What the task asks:
With the pictures set aside, write out all of the data exactly as it stands.

Data provided:

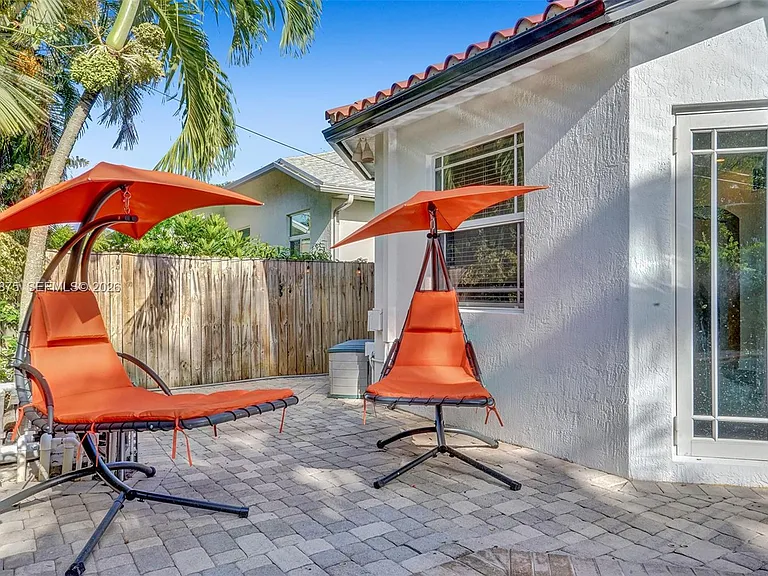 1207 SW 21st St — Photo 57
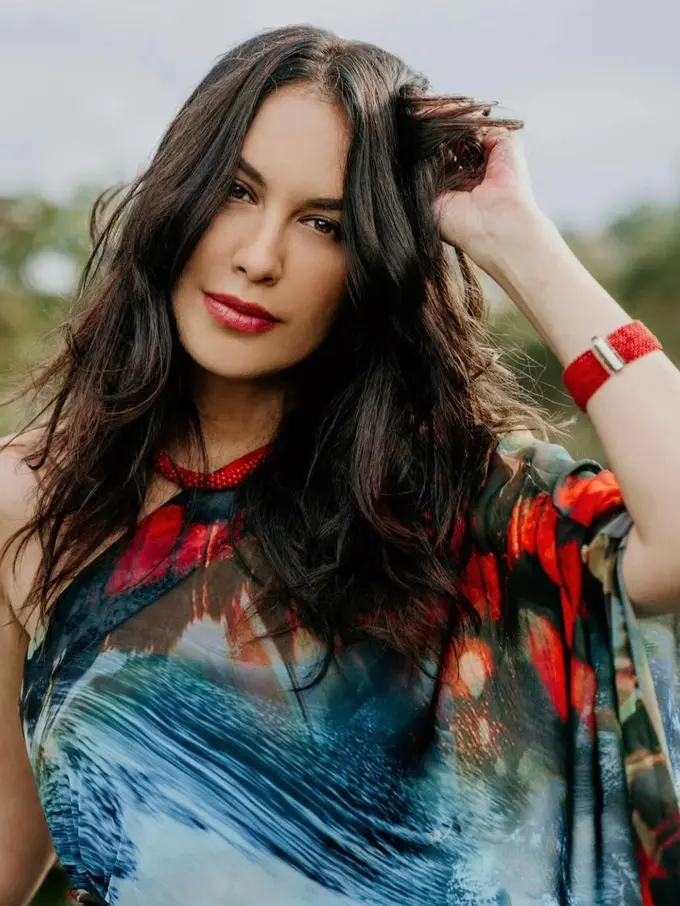 Sophia Latjuba pamer perut sixpack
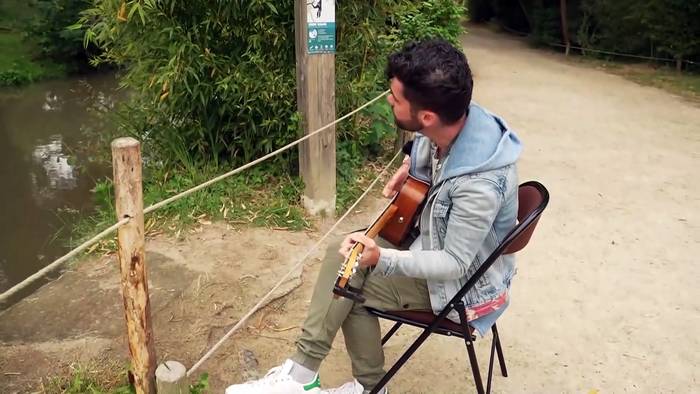 Video: Musikexperiment im französischen Zoo soll Verhalten der Tiere verbessern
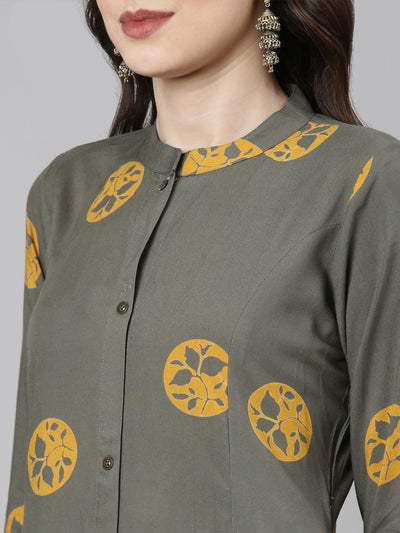 Neerus Green Casual  Straight Kurta and Trousers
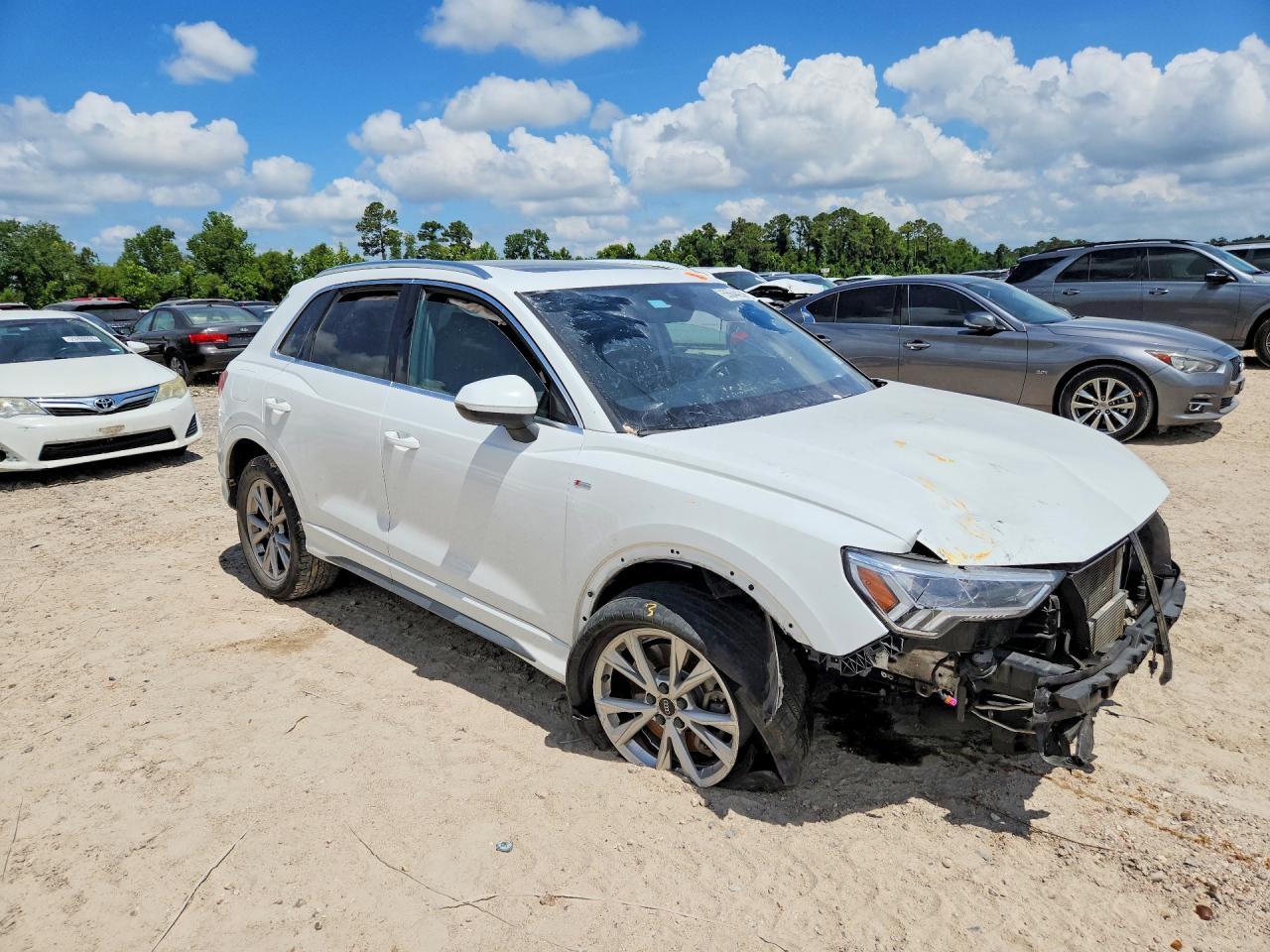 2023 Audi Q3 Premium S Line 45 - zdjęcie 4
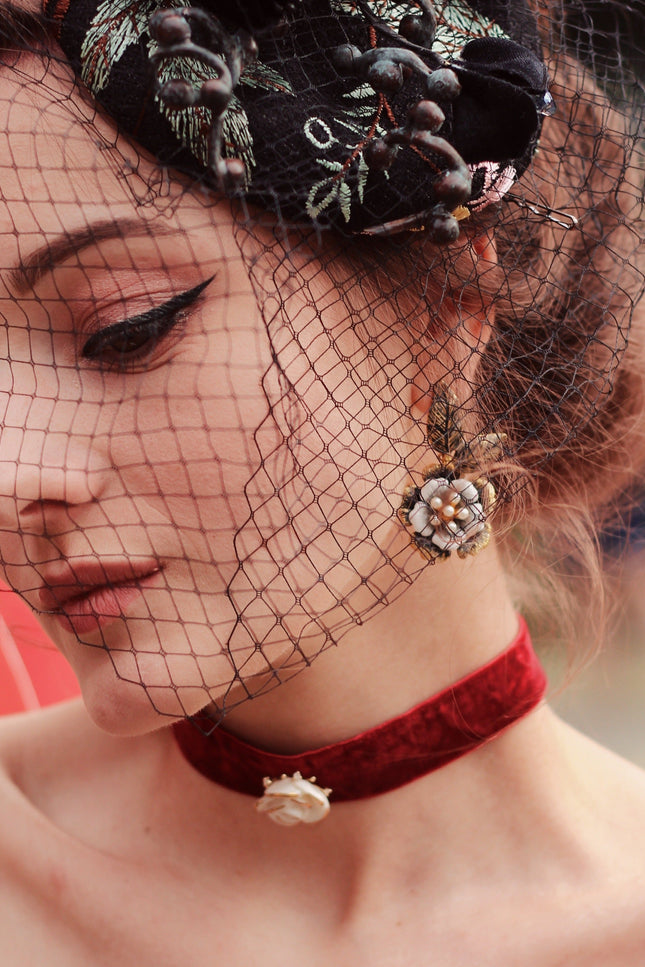 Poporcelain | White Cloud Rose Navy Velvet Choker
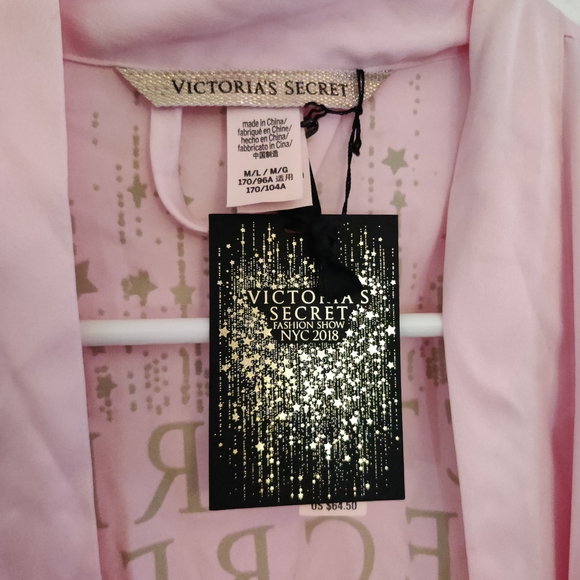 Victoria's Secret Pink Robe - Picture 4 of 5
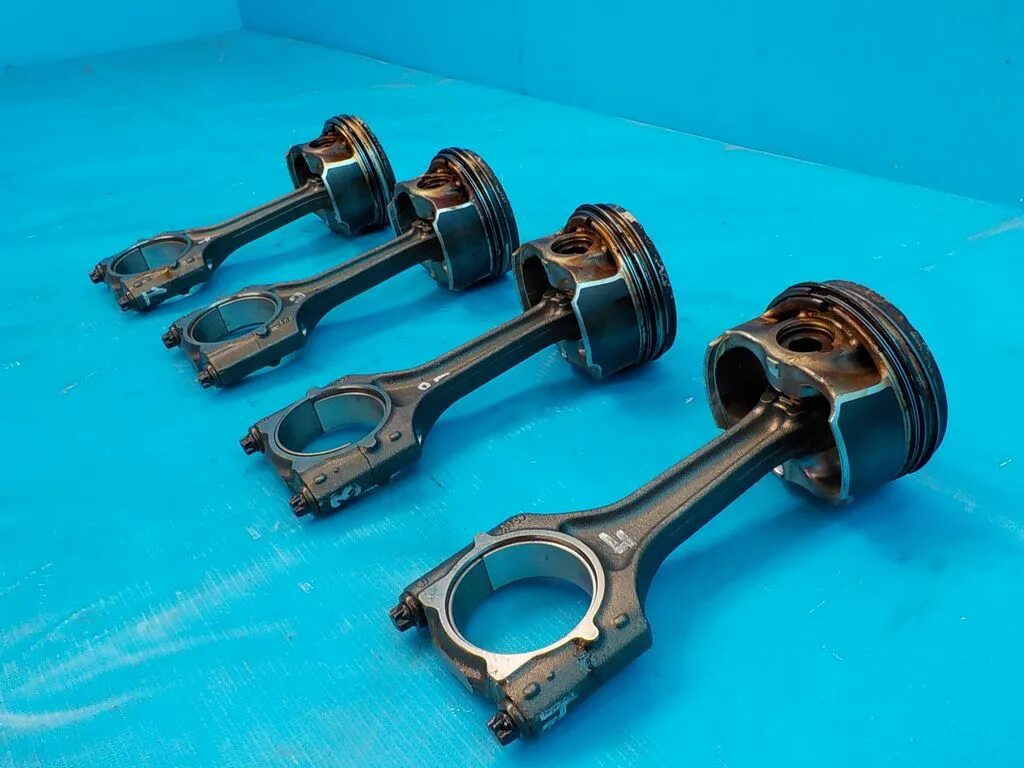 4 vag. Шатун фольксваген тигуан. Поршень тигуан. Поршни тигуан 1. Поршень двигателя фольксваген 2,0 2е.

Answer to this exercise:
 1207 SW 21st St — Photo 57
 Sophia Latjuba pamer perut sixpack
 Video: Musikexperiment im französischen Zoo soll Verhalten der Tiere verbessern
 Neerus Green Casual  Straight Kurta and Trousers
 2023 Audi Q3 Premium S Line 45 - zdjęcie 4
 Poporcelain | White Cloud Rose Navy Velvet Choker
 Victoria's Secret Pink Robe - Picture 4 of 5
 4 vag. Шатун фольксваген тигуан. Поршень тигуан. Поршни тигуан 1. Поршень двигателя фольксваген 2,0 2е.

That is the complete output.